Cepi Sultoni dikenal sebagai musisi yang konsisten berkarya dalam ranah musik perjuangan, sosial, dan budaya. Namun “1947” adalah salah satu karya yang paling personal baginya. Lagu ini tumbuh dari pengalaman dan kontemplasi panjang yang ia alami selama meniti jalan sebagai kader HMI mulai dari Latihan Kader I (LK I), Latihan Kader II (LK II), hingga forum-forum non Formal Latihan Bareng Orang Seni (LK BOS) LSMI Cirebon. Melalui lagu ini, ia ingin menegaskan bahwa peran kader HMI tak hanya terbatas pada pergerakan politik atau akademik semata, tetapi juga punya ruang luas dalam menyampaikan gagasan lewat jalur seni.

"Berkesenian tidak bertentangan dengan nilai kaderisasi. Sejak awal, HMI adalah rumah besar yang melahirkan para pemikir, seniman, bahkan negarawan. Lewat 1947, saya ingin menyampaikan bahwa berkarya adalah bentuk pengabdian, dan kader HMI pun bisa abadi melalui karya yang jujur dan berdampak, ” tambahnya.

Lagu ini juga merupakan bentuk konkret dari gerakan kebudayaan yang diusung LSMI HMI Cabang Tasikmalaya. Di tengah kondisi di mana seni sering kali dipinggirkan atau bahkan dilupakan oleh kalangan mahasiswa, “1947” hadir sebagai ajakan dan pengingat bahwa dakwah kultural dan jihad intelektual adalah dua hal yang dapat berjalan seiring.

Dari segi musikalitas, lagu ini digarap dengan pendekatan yang sederhana namun sarat makna. Musiknya membangun suasana khidmat dan reflektif, membuat pendengar seolah diajak untuk duduk sejenak dan merenungkan perjalanan panjang HMI dari masa lalu hingga hari ini. Liriknya ditulis dengan pilihan kata yang tegas dan menyentuh, namun tetap bisa diterima oleh berbagai lapisan pendengar.

Peluncuran lagu “1947” juga menjadi bagian dari momentum peringatan Milad HMI ke-78. Harapannya, lagu ini bisa menjadi pengiring dalam berbagai kegiatan kaderisasi, pelatihan, dan panggung seni budaya HMI baik di komisariat, cabang, maupun tingkat nasional.

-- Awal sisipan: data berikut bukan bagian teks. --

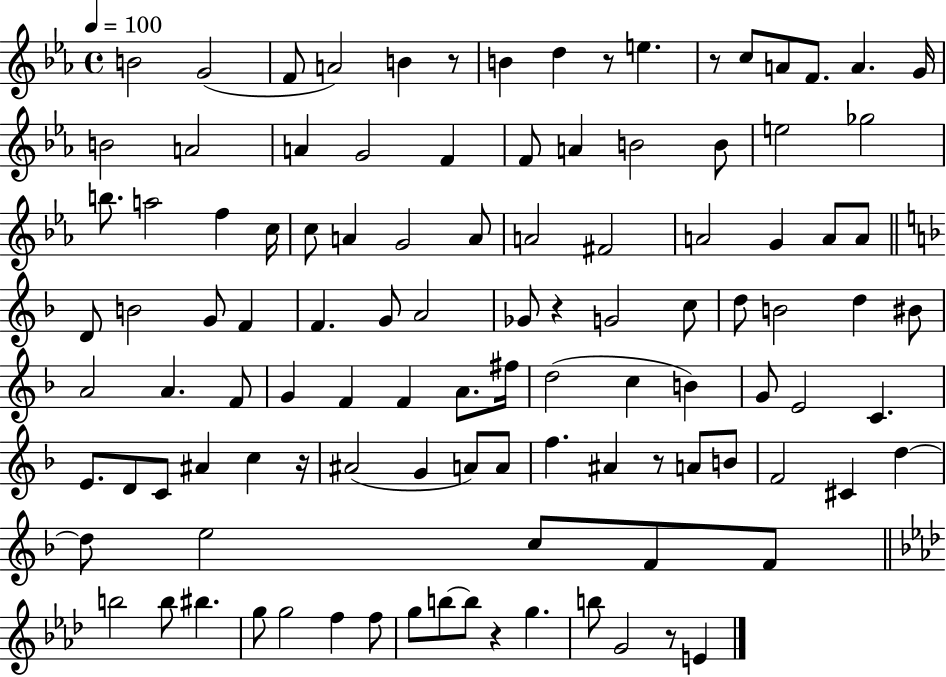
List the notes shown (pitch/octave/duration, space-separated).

Sebagai penutup, Cepi menyampaikan harapan besar terhadap makna dan fungsi dari lagu ini. Ia ingin agar karya ini bukan sekadar dinyanyikan, tetapi juga dirasakan dan diwariskan. Sebab menurutnya, menjaga semangat perjuangan tak hanya dilakukan lewat forum atau orasi, tetapi juga bisa melalui lirik dan nada.

 “Lagu ini bukan milik pribadi saya, tetapi milik kita semua. Milik para kader HMI yang yakin bahwa himpunan ini bukan sekadar organisasi formal, tetapi adalah rumah besar perjuangan yang perlu dijaga dengan cinta, kerja, dan karya, ” tutup Cepi.

Melalui “1947”, sejarah HMI kini tak hanya tertulis di buku dan dokumen, tetapi juga mengalun dalam nada, merasuk ke jiwa, dan hadir dalam setiap ruang yang menyuarakan perjuangan.